Qual é a receita certa para manter a moeda estável e voltar a investir no social?
Articular um pacto social, tendo desenvolvimento e distribuição como eixos, educação (inclusive universidades) e saúde como prioridades intocáveis, fortalecimento das exportações e inserção definitiva dos micros e pequenos empreendimentos como um dos pilares do desenvolvimento. Também não se pode continuar com a desigualdade na distribuição da terra. Um detalhe importante: rediscutir a utilização dos recursos do Fundo de Amparo ao Trabalhador (FAT), hoje um patrimônio de R$ 70 bilhões, o que implica a difícil tarefa de desarticular mecanismos de cooptação das centrais sindicas – em particular da Força Sindical. Implica também saber como estão sendo gastos recursos dos programas de emprego via crédito, distribuídos pelo Banco do Nordeste, Banco do Brasil e BNDES. Esses recursos, junto com os de qualificação profissional, totalizam a soma nominal de R$ 30 bilhões no período 1995-2001.

Que garantias tem o povo brasileiro de que essa estabilidade da moeda resistirá a uma mudança de governo?
O povo tem que buscar essa garantia.
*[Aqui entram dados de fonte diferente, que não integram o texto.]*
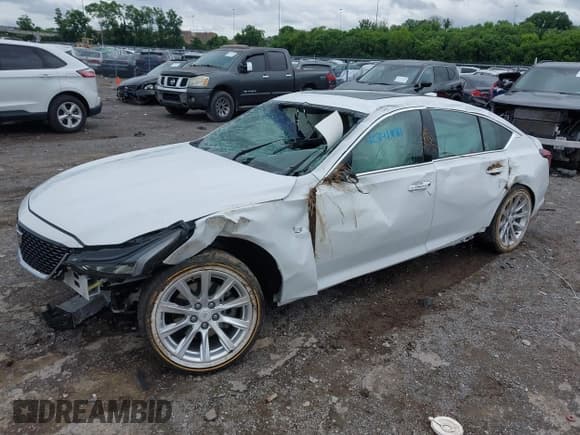 ✅ 2023 Cadillac CT5 Luxury • VIN: 1G6DW5RK4P0102870 • Lot: 42341881. Wystawiony na IAAI z przebiegiem Nie podano. Bezpłatny archiwum sprzedaży aukcyjnych z USA i szczegółowy raport historii pojazdu na DreamBid. Zdjęcie 19.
Ademais, qualquer que seja o governo, não se espera que haja mudanças tão drásticas a ponto de fazer voltar a ciranda inflacionária. Mudanças na política de juros, associadas ao fortalecimento das exportações – para reduzir a vulnerabilidade externa da economia – deverão ser graduais. Mas há que se estabelecer um pacto político muito melhor que o que sustentou o Governo nestes oitos anos. E, de fato, necessita ser um pacto que represente avanço político. Qualquer acordo em que as velhas oligarquias continuem sendo o principal vetor de poder adiaria, mais uma vez, o início da mudança de rota para algo melhor que o que tivemos até agora.